In all of yesterday’s hoard of mail there was a mere one envelope worth opening. (Well, just between you and me, that doesn’t include the other piece that came looking like a check. For a brief moment of reality abandonment I thought I might be able to buy my way into a nice surprise after all. Nothing good ever comes easy.)
The meaningful envelope was hand-addressed, an unusual trait in today’s times and it wasn’t one of those perfectly scripted-by-computer “handwritings.” This was sloppy, human handwriting.
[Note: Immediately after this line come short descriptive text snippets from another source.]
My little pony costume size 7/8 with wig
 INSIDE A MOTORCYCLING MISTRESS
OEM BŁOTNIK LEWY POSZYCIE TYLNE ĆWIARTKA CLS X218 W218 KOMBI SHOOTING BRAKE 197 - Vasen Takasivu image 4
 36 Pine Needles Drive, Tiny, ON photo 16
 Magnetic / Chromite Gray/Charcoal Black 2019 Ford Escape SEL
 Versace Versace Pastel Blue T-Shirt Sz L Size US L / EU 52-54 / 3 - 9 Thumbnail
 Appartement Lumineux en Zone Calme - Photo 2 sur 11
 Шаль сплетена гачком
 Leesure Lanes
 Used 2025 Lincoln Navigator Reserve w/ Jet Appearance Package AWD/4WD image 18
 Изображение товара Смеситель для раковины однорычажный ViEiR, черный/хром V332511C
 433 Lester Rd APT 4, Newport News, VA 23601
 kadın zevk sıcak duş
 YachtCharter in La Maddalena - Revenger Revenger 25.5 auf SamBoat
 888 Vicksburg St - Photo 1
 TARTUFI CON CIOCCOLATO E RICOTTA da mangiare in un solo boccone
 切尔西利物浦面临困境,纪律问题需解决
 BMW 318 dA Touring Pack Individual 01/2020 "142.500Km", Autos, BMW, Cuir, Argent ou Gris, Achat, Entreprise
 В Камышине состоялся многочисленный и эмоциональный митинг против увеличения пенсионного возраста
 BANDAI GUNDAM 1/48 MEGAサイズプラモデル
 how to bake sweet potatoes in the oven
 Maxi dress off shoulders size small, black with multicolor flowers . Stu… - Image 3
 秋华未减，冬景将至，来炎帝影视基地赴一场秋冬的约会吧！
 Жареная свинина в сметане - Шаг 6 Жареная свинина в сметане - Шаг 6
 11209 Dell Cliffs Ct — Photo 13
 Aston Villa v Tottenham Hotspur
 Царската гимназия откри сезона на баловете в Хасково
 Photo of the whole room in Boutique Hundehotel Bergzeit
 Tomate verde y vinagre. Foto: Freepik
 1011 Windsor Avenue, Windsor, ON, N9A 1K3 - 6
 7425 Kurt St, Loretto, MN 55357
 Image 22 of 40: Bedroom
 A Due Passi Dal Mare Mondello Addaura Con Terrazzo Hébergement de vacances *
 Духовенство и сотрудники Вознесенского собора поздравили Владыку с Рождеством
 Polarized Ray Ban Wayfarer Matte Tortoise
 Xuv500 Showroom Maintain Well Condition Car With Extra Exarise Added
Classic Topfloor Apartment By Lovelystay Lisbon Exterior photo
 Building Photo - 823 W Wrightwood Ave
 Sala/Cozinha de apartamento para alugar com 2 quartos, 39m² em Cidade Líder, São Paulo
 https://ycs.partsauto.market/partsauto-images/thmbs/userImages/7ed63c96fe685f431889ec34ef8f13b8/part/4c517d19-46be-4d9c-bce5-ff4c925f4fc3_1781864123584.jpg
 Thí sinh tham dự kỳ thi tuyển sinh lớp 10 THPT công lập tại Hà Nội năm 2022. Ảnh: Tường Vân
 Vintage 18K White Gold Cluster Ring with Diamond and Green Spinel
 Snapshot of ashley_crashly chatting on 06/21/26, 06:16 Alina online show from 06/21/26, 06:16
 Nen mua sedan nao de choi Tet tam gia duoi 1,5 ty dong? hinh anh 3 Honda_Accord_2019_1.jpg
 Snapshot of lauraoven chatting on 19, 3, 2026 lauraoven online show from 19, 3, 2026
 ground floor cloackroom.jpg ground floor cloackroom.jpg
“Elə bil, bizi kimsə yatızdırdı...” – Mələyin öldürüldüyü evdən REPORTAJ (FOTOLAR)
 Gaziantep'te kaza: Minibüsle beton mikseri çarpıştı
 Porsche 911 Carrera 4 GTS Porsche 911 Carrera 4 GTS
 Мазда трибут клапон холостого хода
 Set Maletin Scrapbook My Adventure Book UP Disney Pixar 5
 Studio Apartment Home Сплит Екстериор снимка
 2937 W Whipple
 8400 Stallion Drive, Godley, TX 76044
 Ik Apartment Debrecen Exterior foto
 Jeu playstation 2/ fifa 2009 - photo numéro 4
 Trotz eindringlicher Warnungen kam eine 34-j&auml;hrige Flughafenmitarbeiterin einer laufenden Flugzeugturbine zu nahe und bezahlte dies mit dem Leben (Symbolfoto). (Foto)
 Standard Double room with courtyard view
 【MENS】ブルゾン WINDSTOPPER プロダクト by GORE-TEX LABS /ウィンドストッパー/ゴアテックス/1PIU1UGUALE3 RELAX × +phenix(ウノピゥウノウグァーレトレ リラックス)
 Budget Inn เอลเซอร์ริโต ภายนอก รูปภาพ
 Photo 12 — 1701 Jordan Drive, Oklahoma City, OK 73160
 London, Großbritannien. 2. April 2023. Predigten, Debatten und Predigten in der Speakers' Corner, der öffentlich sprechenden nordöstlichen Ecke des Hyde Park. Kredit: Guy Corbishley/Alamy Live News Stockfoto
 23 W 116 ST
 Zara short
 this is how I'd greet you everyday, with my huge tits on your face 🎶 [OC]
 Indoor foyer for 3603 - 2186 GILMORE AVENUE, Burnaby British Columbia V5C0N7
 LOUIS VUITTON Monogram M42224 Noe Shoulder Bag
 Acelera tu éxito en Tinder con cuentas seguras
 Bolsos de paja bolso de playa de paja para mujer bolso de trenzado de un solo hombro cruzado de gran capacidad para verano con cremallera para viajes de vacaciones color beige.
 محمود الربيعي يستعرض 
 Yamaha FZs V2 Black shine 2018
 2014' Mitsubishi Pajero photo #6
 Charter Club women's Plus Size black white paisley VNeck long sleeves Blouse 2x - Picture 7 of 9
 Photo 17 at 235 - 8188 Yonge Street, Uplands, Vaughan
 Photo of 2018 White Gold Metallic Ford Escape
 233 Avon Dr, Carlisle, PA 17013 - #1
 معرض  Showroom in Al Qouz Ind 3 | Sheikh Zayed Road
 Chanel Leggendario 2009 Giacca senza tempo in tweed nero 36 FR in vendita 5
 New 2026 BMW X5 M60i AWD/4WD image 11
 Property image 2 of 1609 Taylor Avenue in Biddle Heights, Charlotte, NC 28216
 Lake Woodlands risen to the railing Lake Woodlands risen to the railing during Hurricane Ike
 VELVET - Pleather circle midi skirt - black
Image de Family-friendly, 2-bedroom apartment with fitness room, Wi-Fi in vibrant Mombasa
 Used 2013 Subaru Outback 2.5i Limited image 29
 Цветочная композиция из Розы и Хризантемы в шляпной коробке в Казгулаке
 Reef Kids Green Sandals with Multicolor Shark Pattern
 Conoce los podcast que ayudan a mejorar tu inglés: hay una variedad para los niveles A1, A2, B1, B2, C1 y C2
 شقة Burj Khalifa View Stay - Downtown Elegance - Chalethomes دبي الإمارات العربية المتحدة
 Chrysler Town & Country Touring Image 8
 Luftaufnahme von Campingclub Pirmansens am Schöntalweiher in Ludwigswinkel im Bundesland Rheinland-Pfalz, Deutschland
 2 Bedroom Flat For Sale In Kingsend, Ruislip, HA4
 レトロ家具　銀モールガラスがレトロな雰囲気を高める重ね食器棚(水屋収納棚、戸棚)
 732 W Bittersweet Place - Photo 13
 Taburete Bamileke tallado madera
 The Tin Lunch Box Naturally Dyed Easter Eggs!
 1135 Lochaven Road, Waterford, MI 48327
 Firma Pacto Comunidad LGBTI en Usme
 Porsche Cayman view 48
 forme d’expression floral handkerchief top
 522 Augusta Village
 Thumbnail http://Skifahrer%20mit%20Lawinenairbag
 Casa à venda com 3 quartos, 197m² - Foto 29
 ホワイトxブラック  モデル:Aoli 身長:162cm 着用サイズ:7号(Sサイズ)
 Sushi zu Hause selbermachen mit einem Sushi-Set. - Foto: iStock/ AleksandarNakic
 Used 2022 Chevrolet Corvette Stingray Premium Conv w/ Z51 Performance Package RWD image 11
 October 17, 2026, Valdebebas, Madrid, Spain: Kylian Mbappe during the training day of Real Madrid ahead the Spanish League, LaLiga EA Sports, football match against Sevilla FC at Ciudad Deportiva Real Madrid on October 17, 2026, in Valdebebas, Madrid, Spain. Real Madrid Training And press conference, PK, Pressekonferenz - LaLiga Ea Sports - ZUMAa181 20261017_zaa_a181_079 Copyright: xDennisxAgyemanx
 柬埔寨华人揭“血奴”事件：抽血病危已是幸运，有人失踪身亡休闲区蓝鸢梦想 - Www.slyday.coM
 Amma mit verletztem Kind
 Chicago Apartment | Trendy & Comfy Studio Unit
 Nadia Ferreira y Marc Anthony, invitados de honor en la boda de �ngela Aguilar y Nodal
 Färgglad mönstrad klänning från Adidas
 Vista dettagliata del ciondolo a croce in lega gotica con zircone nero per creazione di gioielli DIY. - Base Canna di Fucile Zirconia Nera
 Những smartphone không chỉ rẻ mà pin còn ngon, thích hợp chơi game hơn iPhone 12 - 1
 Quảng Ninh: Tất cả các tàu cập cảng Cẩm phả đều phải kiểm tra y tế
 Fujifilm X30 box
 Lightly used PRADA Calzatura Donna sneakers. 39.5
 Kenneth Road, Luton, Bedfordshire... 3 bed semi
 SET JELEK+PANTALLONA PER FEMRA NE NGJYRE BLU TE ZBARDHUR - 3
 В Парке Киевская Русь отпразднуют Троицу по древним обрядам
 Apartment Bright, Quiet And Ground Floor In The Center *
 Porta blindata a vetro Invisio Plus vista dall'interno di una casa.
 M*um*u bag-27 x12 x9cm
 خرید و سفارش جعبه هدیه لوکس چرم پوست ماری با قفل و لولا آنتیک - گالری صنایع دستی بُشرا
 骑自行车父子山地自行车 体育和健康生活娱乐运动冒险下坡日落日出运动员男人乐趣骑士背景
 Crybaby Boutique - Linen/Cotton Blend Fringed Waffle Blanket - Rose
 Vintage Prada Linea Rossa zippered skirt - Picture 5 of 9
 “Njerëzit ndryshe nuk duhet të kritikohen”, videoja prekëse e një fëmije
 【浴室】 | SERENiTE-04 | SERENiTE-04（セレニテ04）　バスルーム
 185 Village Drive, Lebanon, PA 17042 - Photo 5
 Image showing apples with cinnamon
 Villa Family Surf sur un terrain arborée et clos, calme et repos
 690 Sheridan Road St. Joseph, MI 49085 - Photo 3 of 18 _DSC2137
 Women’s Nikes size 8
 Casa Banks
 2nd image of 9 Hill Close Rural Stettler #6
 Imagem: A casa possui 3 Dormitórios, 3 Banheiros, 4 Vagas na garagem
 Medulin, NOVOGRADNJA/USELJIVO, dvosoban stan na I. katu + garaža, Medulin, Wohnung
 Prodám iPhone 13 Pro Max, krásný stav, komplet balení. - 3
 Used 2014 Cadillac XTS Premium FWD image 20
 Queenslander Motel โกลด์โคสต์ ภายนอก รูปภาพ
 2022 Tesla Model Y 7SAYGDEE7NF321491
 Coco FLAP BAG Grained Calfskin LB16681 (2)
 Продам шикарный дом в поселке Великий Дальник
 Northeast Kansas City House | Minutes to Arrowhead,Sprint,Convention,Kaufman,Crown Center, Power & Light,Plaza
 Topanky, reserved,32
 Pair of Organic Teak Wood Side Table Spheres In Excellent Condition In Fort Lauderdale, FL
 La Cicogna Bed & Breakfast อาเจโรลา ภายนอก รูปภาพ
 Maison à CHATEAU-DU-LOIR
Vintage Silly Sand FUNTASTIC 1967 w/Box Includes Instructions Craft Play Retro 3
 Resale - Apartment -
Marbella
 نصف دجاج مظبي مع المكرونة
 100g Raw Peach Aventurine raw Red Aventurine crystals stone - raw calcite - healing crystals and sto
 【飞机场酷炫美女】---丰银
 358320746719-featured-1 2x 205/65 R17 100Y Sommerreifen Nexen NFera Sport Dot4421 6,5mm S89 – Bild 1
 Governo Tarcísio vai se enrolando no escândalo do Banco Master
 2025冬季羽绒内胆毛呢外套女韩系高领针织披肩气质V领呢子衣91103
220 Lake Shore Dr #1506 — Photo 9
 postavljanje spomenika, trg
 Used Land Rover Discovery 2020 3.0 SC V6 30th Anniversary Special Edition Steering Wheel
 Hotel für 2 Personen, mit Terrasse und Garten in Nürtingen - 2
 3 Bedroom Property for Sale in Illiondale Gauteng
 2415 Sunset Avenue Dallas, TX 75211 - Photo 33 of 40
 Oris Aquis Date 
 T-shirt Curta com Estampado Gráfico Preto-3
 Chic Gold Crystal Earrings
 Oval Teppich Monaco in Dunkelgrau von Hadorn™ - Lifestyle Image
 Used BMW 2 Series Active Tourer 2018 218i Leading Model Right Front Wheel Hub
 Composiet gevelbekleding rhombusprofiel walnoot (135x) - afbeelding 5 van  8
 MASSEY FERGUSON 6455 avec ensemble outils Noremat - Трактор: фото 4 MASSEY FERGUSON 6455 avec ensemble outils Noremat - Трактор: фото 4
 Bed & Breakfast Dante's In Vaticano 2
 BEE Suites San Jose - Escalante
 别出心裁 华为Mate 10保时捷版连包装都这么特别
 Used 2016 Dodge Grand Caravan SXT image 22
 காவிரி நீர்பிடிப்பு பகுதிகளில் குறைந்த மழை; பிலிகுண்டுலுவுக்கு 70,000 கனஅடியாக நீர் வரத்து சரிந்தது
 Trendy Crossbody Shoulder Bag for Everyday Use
This was a real letter! I had received a r-e-a-l letter from a real human being!
As if that weren’t excitement enough and I suppose to subconsciously prolong this rare moment of suspense, I struggled to make out the name on the return address. I knew I knew it, I just couldn’t recall how I knew it. Then it dawned on me: This was from the oncologist I had twelve-years ago during cancer.
I’d always sent a Christmas card to him at his office, each year appreciative for and counting the culmination of years of life I couldn’t have had without his compassionate care. I thought the letter must be from his wife (what man these days handwrites a letter?). Then I feared whatever it said, for it must surely be bad news about his passing or something, because when you live in my boredom bad news is about the only news you get via letter. That was really going to blow my boredom safety bubble to smithereens.
Inside was a handwritten letter from the doctor himself. After twelve years of sending cards, he was corresponding with me as a friend, not a patient. He spoke humbly of retiring, a small farm he’s working for himself, the things he’s doing with nature, and how he misses his practice and the people in it. He has found his own little piece of boredom. Then he mentioned coming into his own first year of cancer survival. Setting his health trauma aside, the life he was making sounded so blissfully and boringly peaceful I could almost put myself there. He’d shared his piece of boredom with me and his little plot of it had truly blessed mine.
In my boring, little world, it doesn’t get any better than that kind of special surprise.
When is the last time you handwrote a letter that could turn someone else’s everyday boredom into a real sense of purpose? Some of us have learned the value of loving human surprises in their purest forms and we find them so wonderfully enjoyable we’re willing to wait years for another.
In response to WordPress Daily Prompt, Parlay.